Wednesday of Week 21 in Ordinary Time
2 Thes 3:6-10,16-18
You know how you are supposed to imitate us
Since Sunday, our readings and gospels have been so full. One central theme can be captured in these two verses:
“His judgments are insearchable…” – we are so far removed from knowing or understanding God.
“…for you are like whitewashed tombs…” – we are hypocrites focused on the wrong thing, ourselves.
You’ve probably heard the line, “Ask your teenager, they know everything.” As well as the anecdote that as we grow older, our parents become smarter! Every decade, I look back on my life and realize that I wasn’t as smart, as put together –- or as lost, as I thought I was at the time. Since my mid 40s, I’ve become less critical of others and less adamant (especially at work) that my way was the best way to do anything. Because of my continued bible studies and so much personal reading to better my knowledge and understanding of our Catholic faith, the world, other people and cultures, I look deeper for truth, beauty and goodness in everything. I pray each day that I will be merciful, forgiving and look to serve others. Since God is in all created things, I know that the goodness of God can always be found.

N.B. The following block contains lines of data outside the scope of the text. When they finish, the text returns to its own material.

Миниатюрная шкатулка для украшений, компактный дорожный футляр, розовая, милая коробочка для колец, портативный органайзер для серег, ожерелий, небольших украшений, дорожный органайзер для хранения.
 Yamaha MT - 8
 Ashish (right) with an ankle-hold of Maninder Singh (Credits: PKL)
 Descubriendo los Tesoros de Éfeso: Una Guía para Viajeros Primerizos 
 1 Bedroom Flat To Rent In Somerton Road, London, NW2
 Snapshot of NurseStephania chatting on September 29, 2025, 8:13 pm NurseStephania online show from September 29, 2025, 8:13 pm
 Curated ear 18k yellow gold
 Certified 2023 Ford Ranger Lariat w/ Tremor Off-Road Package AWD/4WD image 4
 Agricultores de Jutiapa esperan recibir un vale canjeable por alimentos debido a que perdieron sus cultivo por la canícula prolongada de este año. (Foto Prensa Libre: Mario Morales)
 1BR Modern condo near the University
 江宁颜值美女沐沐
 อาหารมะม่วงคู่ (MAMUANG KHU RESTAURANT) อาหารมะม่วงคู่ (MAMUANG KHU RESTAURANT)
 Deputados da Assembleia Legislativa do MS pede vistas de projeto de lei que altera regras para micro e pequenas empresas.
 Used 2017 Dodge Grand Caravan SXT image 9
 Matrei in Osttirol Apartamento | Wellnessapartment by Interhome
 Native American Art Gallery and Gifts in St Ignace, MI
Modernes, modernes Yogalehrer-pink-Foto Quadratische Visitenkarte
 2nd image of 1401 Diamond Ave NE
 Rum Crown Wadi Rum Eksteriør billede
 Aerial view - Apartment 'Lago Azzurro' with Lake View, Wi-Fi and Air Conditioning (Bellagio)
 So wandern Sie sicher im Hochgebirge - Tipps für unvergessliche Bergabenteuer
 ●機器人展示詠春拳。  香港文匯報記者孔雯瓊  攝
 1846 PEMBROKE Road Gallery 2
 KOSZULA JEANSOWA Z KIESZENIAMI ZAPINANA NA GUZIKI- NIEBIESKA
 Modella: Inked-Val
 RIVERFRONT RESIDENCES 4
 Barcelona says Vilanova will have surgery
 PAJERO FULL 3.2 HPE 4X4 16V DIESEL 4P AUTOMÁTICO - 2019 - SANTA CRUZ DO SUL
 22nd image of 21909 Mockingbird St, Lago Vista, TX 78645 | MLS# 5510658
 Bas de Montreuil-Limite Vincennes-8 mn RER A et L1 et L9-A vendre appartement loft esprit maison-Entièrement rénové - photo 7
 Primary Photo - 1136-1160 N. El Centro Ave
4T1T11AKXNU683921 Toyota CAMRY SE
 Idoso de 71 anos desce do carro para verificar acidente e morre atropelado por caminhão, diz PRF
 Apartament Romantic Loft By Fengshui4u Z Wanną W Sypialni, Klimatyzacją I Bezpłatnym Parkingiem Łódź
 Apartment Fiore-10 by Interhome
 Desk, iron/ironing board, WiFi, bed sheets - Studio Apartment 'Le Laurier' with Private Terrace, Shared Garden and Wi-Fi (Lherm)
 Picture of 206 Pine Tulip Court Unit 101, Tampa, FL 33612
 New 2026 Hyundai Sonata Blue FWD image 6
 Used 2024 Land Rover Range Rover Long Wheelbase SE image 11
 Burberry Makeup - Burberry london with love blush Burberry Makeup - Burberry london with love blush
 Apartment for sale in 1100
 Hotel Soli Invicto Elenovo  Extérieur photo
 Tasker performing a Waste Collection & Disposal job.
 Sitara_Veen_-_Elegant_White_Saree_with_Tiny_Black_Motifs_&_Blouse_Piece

We only KNOW truth as God reveals it to us, and most of us don’t NOTICE the truth. We don’t know ourselves, we do not know others and we certainly do know or understand the Creator. We, in our pride, are clueless. We think we know our neighbor (and all their faults) quite well, yet we have no idea of our own true self, much less God. Truth, beauty and goodness. We don’t recognize these virtues much these days. They aren’t flashy. We don’t seem to own them. We are too busy criticizing others and polishing our Mercedes or Jaguar in front of others in the hopes of being thought of as ‘someone important’.
We seem to be living nearly every second of our life as the Emperor in his ‘new clothes’. We recite certain scripture to justify our actions, or lack thereof. “Those who don’t work don’t eat”, so we give less, if anything at all, from our surplus, certainly not from the ‘top’. After all, “I work hard for MY money, I will not give it to that lazy person who doesn’t have a job.” How does this attitude conform with the Beatitudes, Jesus’ own words, His commandment to us? Jesus said, “…to those who have been given more, much will be expected”. As Catholics, don’t we realize we have ‘more’? Are we living as His hands and feet? Or are we living as Judas?
Today’s first reading shares that those who don’t work, shouldn’t eat. But that has been taken out of context (at least in ‘Christian’ America), and sadly, we seem to live in a way that reflects the opposite of Jesus –- we are not merciful, forgiving nor serving; we are looking to be ‘bigger’ so that we are SERVED. We criticize those who don’t work. Yes, some people are trying to work the system and make money for not working, but Christ didn’t say love your ‘working’ neighbour, your ‘honest’ neighbour, your ‘good’ neighbour. We all know he said ‘love your neighbour’ and ‘love your enemies’.
It is so easy (and fun and funny) for us to criticize others, to criticize the ‘them’ who have less. Yet Oswald Chambers tells us, “God never gives us discernment that we may criticize, but that we may intercede.” In America, I find that it is a natural pastime, a hobby to constantly criticize, especially on social media. We criticize people, places, things, leaders, countries, customs, traditions, our family, neighbours, coworkers, politicians, athletes, celebrities… the list is endless. In our pride, we show others how smart we are with our biting words. Even we Catholic Christians reprimand, intelligently dismiss, mock and laugh at others in a superior manner. Yet in Phil 4:8 we are instructed, “whatever is true… honorable… just… pure… lovely… gracious, if there is any excellence, think about these things.” And in Ephesians 4:29, “Let no unwholesome word proceed from your mouth, but only such a word as is good for edification according to the need of the moment, so that it will give grace to those who hear.” And yet, we do the opposite.
Where in scripture does Christ criticize? Even with the prostitute, he says to the hypocritical crowd, “let you who have not sinned throw the first stone”. He doesn’t even call out the crowd for their sins, he asks for mercy on the sinner. Even on the cross, Jesus asks not for mercy for himself, but for those who drove the nails.
(Today’s Oxygen by Gina Ulicny)
Prayer: Father of all truth, all beauty and all goodness, how amazed we are at your love for us. All that our eyes can see, all that our mind can imagine is but a drop in the ocean to You. There is no AWE except in you. All beauty, all goodness and all truth begin and end with You.
Thanksgiving: Father God, we sit in thankful amazement at all that you have put at our feet.